Excerpts from a dataset:
▬▬▬▬▬▬▬▬▬▬

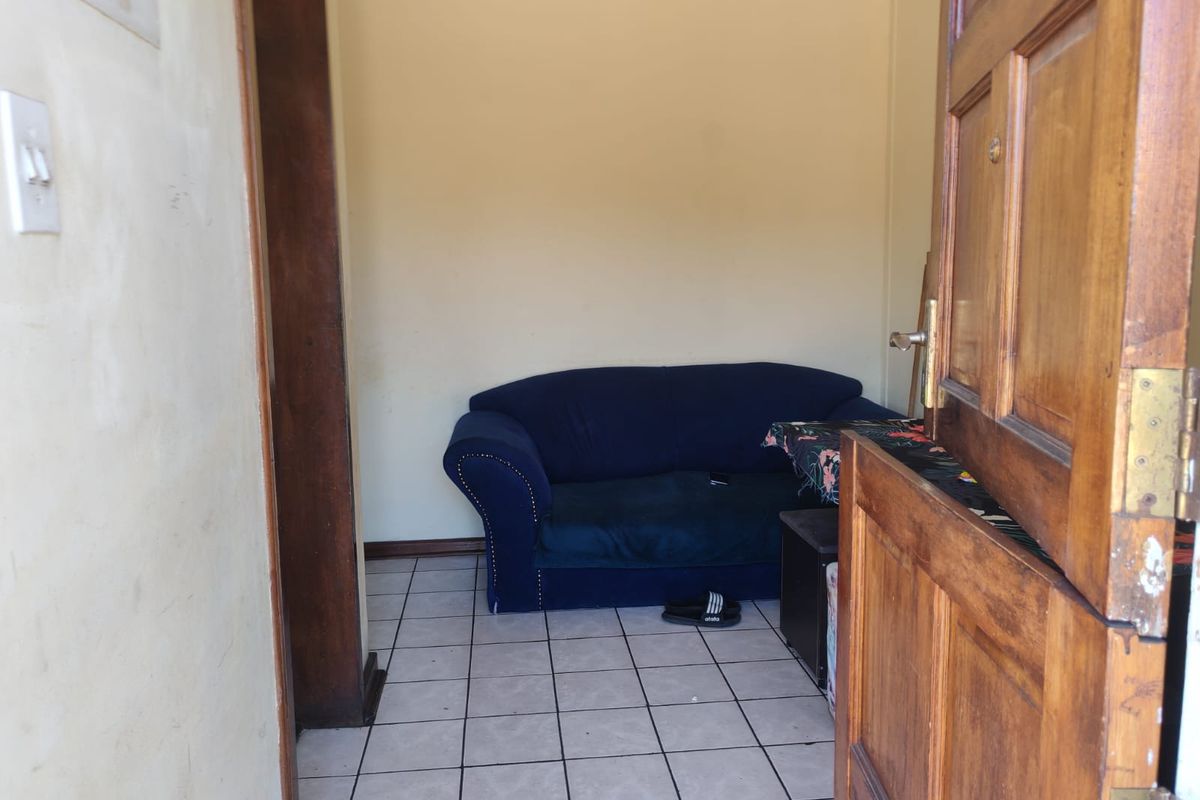 A small living area featuring tiled flooring and a wooden door frame, currently in need of cosmetic updates to improve its overall appeal.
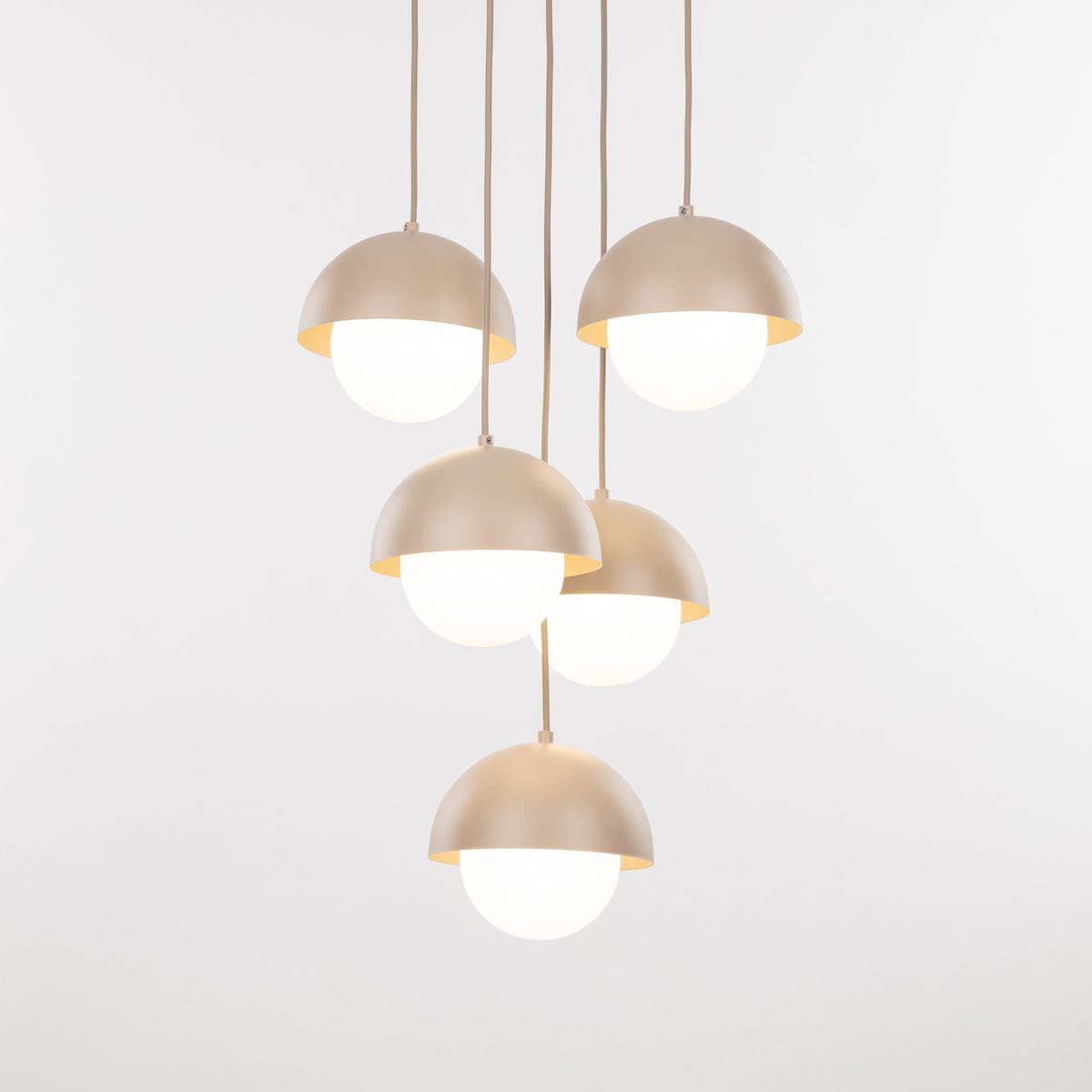Lampa wisząca Bono z pięcioma kloszami G9 w kształcie półkul, w kolorze matowego beżu z białymi szklanymi osłonami. Zawieszona na długich przewodach, idealna do nowoczesnych wnętrz. Tło proste, białe.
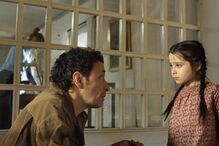 Um homem fala com uma menina com tranças perto de uma janela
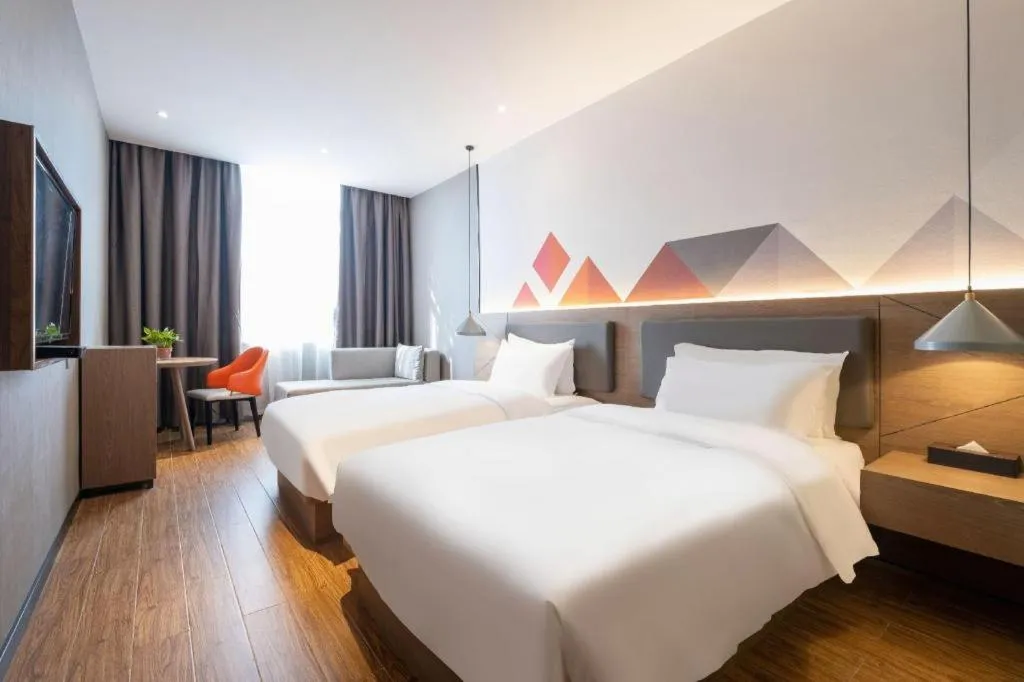 Bed in Borrman Hotel Zhonghsan Guzheng Huayi Plaza Light Rail Station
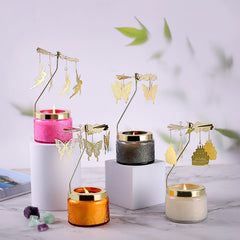 Elegant rotating candle display on a table with warm glow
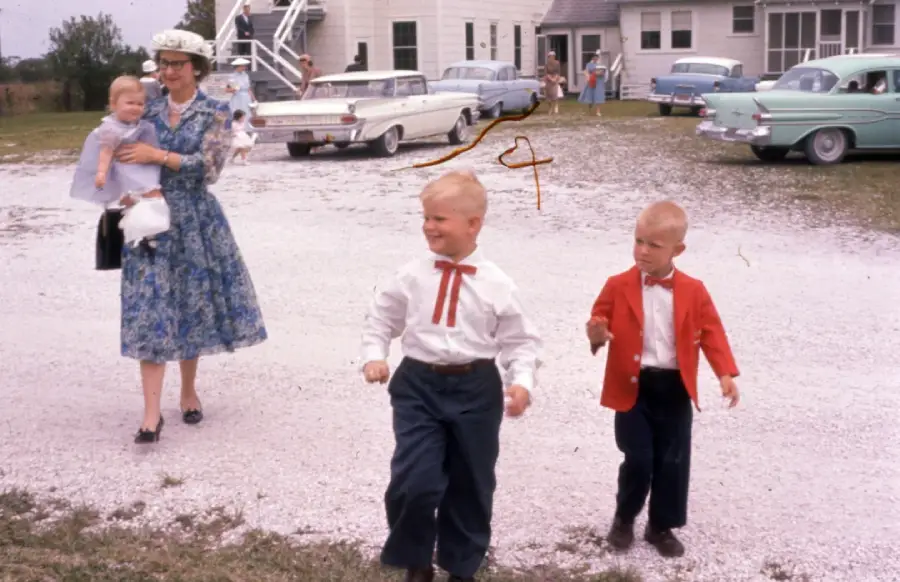 A woman in a blue floral dress and hat holds a baby while walking on gravel with two young boys; one boy wears a white shirt with a red tie, the other a red jacket. Vintage cars and a white building are in the background.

▬▬▬▬▬▬▬▬▬▬

▶ [Exercise description] Give the data again exactly as written, with all pictures left out.

▶ [Solution to the exercise]
 A small living area featuring tiled flooring and a wooden door frame, currently in need of cosmetic updates to improve its overall appeal.
Lampa wisząca Bono z pięcioma kloszami G9 w kształcie półkul, w kolorze matowego beżu z białymi szklanymi osłonami. Zawieszona na długich przewodach, idealna do nowoczesnych wnętrz. Tło proste, białe.
 Um homem fala com uma menina com tranças perto de uma janela
 Bed in Borrman Hotel Zhonghsan Guzheng Huayi Plaza Light Rail Station
 Elegant rotating candle display on a table with warm glow
 A woman in a blue floral dress and hat holds a baby while walking on gravel with two young boys; one boy wears a white shirt with a red tie, the other a red jacket. Vintage cars and a white building are in the background.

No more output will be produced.